So, what about Syria?
That question has been posed for nearly a year now, since the Arab Spring uprisings led to the overthrow of authoritarian regimes in Egypt, Tunisia and eventually Libya.
The continuing violence by Syrian President Bashar al-Assad's forces against the opposition, which has led to a death toll of more than 6,000 in less than a year, is putting the so-called Obama Doctrine to the test.
The rationale applied to justify our assistance to the Libyan rebels was spelled out by President Barack Obama last year, when he stated that, "To brush aside America's responsibility as a leader and _ more profoundly _ our responsibilities to our fellow human beings under such circumstances (people facing brutal reaction while seeking freedom) would have been a betrayal of who we are."
And the doctrine could even more aptly be used to promote intervention on behalf of those fighting the autocratic Syrian government. So why isn't it?
Well, the Middle East is not North Africa, and there is a complex set of circumstances that has to be considered before the U.S. and/or its NATO alliance jump into the fray, whether by providing arms to the rebels or getting involved in even more direct ways.

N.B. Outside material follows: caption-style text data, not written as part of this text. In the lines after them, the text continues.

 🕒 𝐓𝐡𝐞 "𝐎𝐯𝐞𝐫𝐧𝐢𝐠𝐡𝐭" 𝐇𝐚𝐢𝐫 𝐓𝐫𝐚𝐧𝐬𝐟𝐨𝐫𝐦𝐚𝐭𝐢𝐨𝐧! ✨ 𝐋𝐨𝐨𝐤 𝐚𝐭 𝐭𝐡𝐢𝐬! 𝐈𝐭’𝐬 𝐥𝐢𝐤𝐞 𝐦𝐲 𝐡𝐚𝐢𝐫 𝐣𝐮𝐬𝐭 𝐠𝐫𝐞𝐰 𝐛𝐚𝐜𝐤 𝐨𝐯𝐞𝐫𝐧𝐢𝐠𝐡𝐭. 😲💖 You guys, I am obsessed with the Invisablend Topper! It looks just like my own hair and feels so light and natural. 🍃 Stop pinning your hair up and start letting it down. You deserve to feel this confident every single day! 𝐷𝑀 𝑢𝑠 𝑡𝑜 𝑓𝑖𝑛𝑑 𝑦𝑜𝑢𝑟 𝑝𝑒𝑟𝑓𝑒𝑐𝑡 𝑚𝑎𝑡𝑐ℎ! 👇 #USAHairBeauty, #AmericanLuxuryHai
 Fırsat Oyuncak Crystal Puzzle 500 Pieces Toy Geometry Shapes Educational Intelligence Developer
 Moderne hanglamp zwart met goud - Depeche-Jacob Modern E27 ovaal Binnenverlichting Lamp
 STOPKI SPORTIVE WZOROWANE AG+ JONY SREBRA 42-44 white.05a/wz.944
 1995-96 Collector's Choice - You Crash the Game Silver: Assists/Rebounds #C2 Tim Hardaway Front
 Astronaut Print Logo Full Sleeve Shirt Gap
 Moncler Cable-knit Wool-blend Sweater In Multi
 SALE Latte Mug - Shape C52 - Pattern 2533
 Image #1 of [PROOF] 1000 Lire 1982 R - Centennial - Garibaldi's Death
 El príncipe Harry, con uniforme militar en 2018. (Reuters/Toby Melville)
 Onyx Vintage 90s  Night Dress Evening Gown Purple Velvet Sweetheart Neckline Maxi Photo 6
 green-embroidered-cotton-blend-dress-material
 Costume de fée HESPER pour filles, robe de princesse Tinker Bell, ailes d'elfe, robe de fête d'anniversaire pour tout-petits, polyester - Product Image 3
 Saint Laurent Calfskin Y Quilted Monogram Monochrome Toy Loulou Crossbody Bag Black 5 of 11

In the middle of this mix are Israel, Iran and Russia, with both of the latter being Syrian allies and arms suppliers to the Syrian government. While Iran and Syria may be strange bedfellows, Russia's position was made exceedingly clear in recent days.
First, Russia joined China in a veto of a U.N. Security Council resolution that condemned the Syrian government's deadly crackdown on demonstrators, and Russian President Vladimir Putin this week left no doubt how he feels about the possibility of U.S. involvement is what looks more and more like a civil war.
Putin said Russia would not permit a repeat of the Libyan conflict where NATO air strikes helped rebels oust Moammar Gadhafi's regime.
"Learning from that bitter experience, we are against any U.N. Security Council resolutions that could be interpreted as a signal for military interference in domestic processes in Syria," Putin said in the article published Monday in Moscow News.
And the Russian president warned any U.S./ NATO interference that lacked U.N. endorsement.
"I strongly hope that the United States and other nations … won't try to resort to a forceful scenario in Syria," Putin said. "I can't understand that bellicose itch."
On the other hand, Obama is facing calls from congressional Republican leaders to get more involved in aiding rebels by providing weapons, intelligence, money and supplies immediately.
"What is needed urgently are tangible actions by the community of responsible nations to ensure that the Syrian people have the means to protect themselves against their attackers," the group led by Sen. John McCain wrote, adding that the U.S. should lead the charge.
These same lawmakers had urged Obama to intervene more directly in Libya by arming and supporting the rebels, but the president stuck with the NATO strategy of air strikes.
Secretary of State Hillary Clinton met with Arab League leaders in Tunisia last weekend as "the friends of Syria" but could not agree on way to stop the brutal assault on rebels.
"What are we going to arm them with and against what? We're not going to bring tanks over the borders of Turkey, Lebanon and Jordan," Clinton told CBS News on Monday.
Another administration concern is that weapons might go to al-Qaida, which also is supporting the uprising in Syria.
So, for now, it appears the U.S. will be relying on a policy of jawboning to bring pressure on the Assad government in Syria to end its crackdown, if not its rule.
Also at issue is that in some ways the Syrian uprising is the start of a religious civil war, with the rebellion being led by Sunni Muslims opposed to the secular Syrian government. Caught in the middle are the Shiite minority, who fear what might occur if the Assad regime were to be forced out of power.
Last year, Obama also said "that America cannot use our military wherever repression occurs. And given the costs and risks of intervention, we must always measure our interests against the need for action. But that cannot be an argument for never acting on behalf of what's right."
The Syrian uprising likely is one of those cases when we should stay out of what could easily become a sectarian civil war, with or without our help.